START PROVIDED MATERIAL

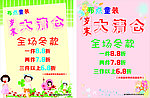儿童服装店海报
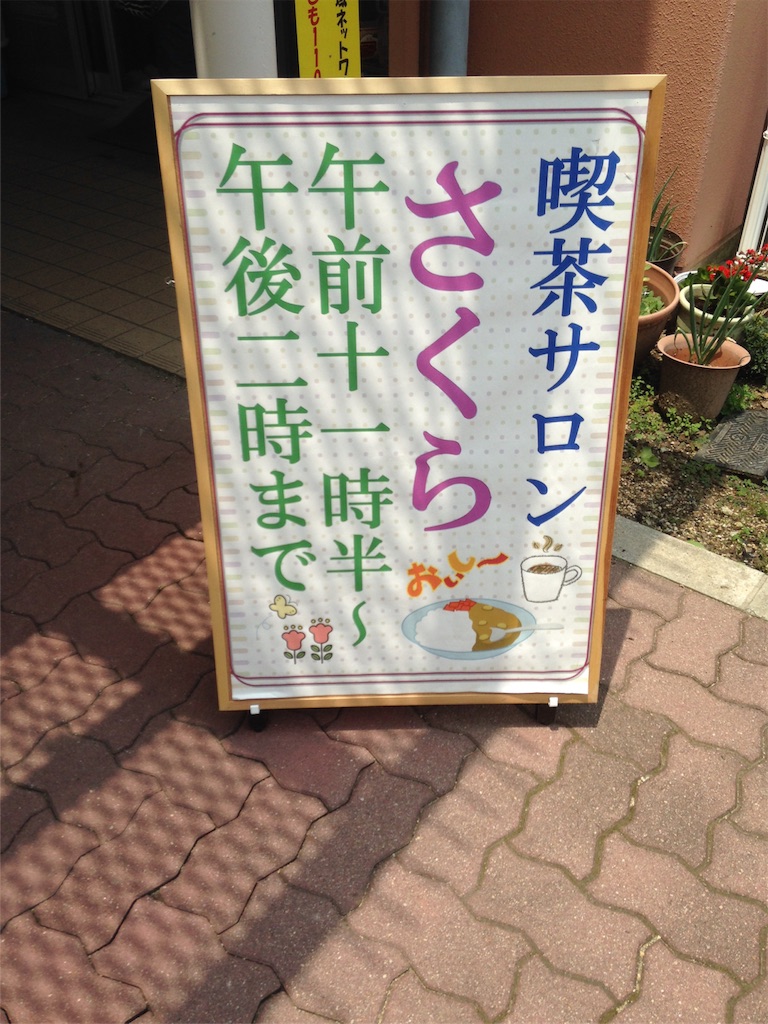 f:id:naniwatikatu:20160921121347j:image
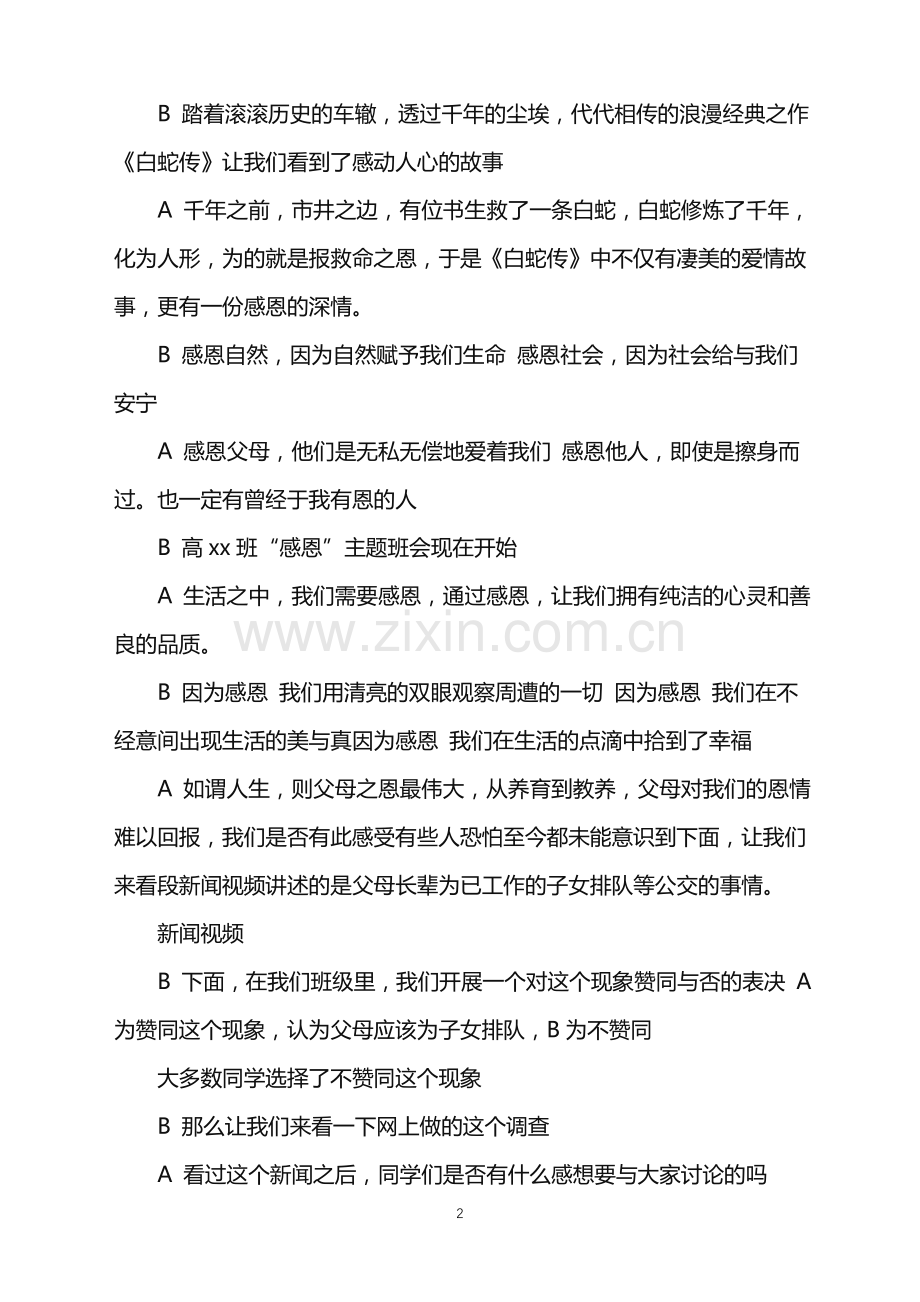 2022年感恩节活动策划书.doc_第2页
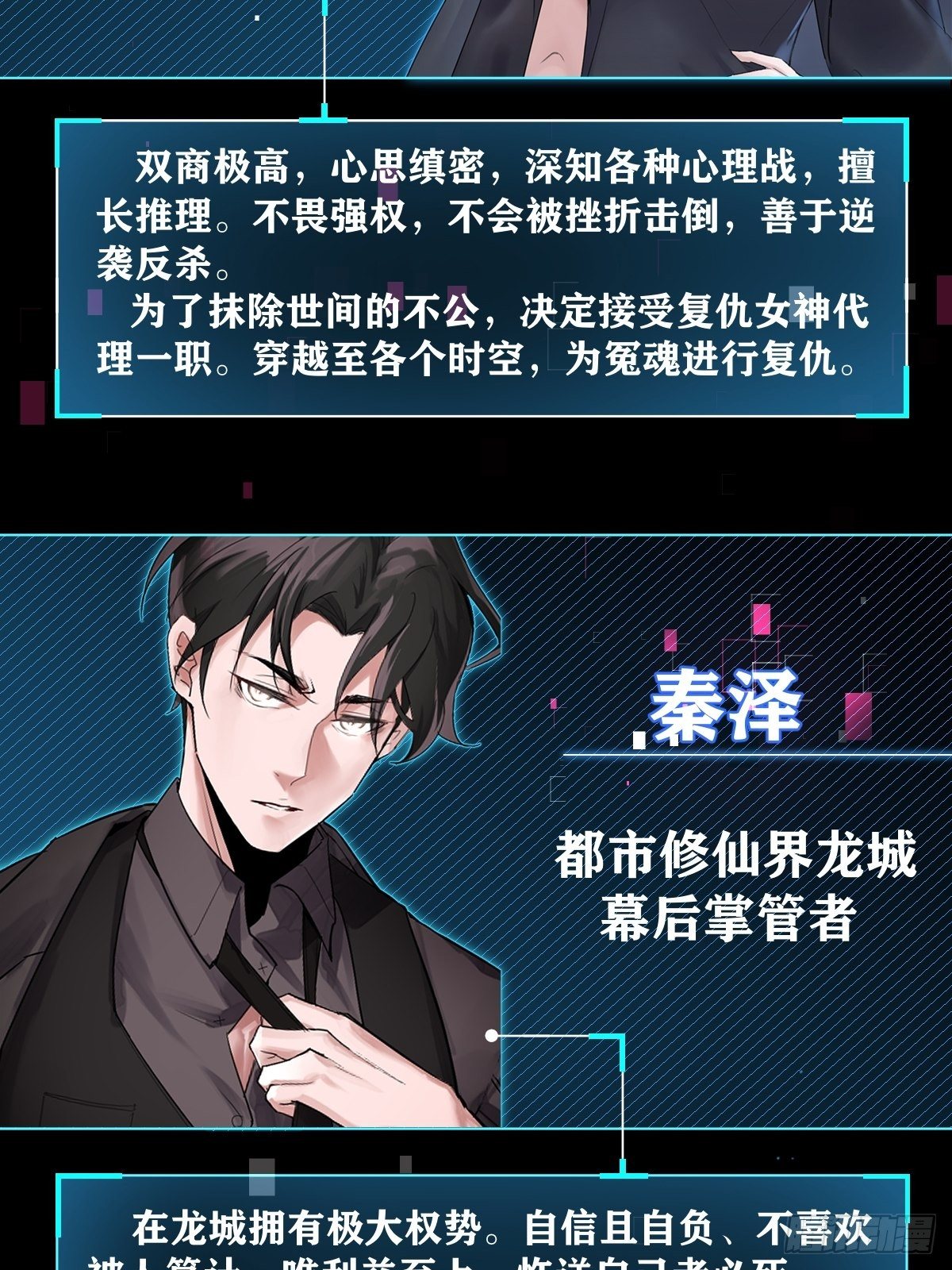 《叫我复仇女神》序章 第16页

END PROVIDED MATERIAL

Repeat all the material above exactly, apart from the pictures.

儿童服装店海报
 f:id:naniwatikatu:20160921121347j:image
 2022年感恩节活动策划书.doc_第2页
 《叫我复仇女神》序章 第16页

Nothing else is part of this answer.